**Records from a data source:**
★ ★ ★ ★

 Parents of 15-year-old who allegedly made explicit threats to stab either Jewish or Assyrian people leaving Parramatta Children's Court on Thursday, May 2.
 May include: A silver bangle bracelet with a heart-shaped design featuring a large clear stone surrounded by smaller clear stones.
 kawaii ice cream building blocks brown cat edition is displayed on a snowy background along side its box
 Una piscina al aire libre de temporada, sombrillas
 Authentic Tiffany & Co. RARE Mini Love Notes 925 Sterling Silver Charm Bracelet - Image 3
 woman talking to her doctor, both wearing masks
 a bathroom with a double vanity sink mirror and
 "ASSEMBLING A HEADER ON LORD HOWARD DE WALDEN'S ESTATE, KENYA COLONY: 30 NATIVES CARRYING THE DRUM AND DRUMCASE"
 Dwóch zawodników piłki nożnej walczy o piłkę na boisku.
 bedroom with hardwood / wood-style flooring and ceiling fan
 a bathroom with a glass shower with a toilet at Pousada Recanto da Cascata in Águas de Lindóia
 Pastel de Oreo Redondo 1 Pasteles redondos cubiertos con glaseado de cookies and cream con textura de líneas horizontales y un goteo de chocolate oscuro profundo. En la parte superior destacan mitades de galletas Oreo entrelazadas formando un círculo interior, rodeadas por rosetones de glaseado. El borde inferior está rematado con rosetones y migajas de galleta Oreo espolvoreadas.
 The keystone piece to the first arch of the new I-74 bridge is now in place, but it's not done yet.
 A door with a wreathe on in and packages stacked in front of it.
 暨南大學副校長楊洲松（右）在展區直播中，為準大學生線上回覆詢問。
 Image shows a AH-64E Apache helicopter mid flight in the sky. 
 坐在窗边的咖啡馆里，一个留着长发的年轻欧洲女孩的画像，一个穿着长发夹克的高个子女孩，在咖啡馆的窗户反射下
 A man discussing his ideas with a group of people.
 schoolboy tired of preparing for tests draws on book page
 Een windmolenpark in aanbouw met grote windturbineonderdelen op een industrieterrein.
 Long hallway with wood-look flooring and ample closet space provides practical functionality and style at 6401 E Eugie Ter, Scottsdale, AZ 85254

★ ★ ★ ★

**Problem:**
Reproduce each line of the records in which the word "cream" appears.

**Answer for this exercise:**
 kawaii ice cream building blocks brown cat edition is displayed on a snowy background along side its box
 Pastel de Oreo Redondo 1 Pasteles redondos cubiertos con glaseado de cookies and cream con textura de líneas horizontales y un goteo de chocolate oscuro profundo. En la parte superior destacan mitades de galletas Oreo entrelazadas formando un círculo interior, rodeadas por rosetones de glaseado. El borde inferior está rematado con rosetones y migajas de galleta Oreo espolvoreadas.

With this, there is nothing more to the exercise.